Among My Many Failures



projection of a close-up of a plaster saddle being sawn in half by a slight figure in gingham leather chaps; the image is projected onto a screen above a dated Native American diorama and the sawn saddle is now int he diorama itself

detail shot of a plaster cast of a saddle that has been sawn in half is set into a diorama, adjacent a mural of canoes that share a formal resemblance
















silhouette of a slight figure and a stack of dishes in front of an orange background, rear-projected into the window of a cabin

projection of a slight, slumped over cowboy figure onto a shed with a semi-transparent orange organza screen
For the collaborative work Among My Many Failures, I constructed elaborate sculptural props including a woven leather pair of chaps and a plaster simulacra of a saddle.  Footage of a cowboy figure using those props in the Native American dioramas of a partially abandoned natural history museum was re- projected into nearby exhibit space.

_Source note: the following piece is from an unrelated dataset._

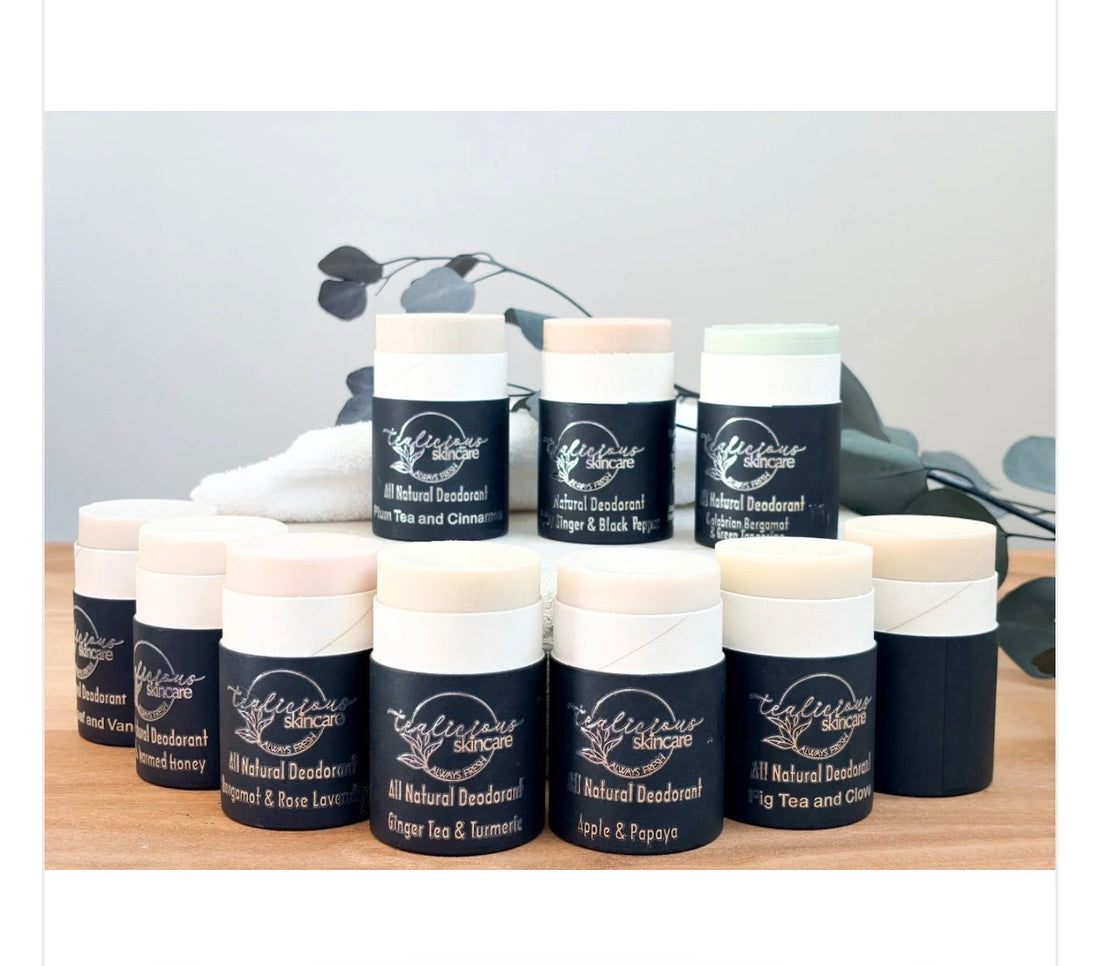 Tea-infused natural deodorant without baking soda lineup in eco-friendly packaging on wood surface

A silhouetted settler engaged in domestic chores in a video by collaborator Chele Isaac was rear-projected in conversation with these props and videos; their redistribution within the site created a meta-text that played off the historical and spatial context of the museum. Viewers pieced together a counter- narrative to the story originally told by the dioramas; by problematizing these depictions of a contested period of American history, this work appropriated some of the tropes of heroic narratives, and engaged the viewer in unraveling an otherwise easily digestible site for “truth” as defined through the authority of a museum exhibit.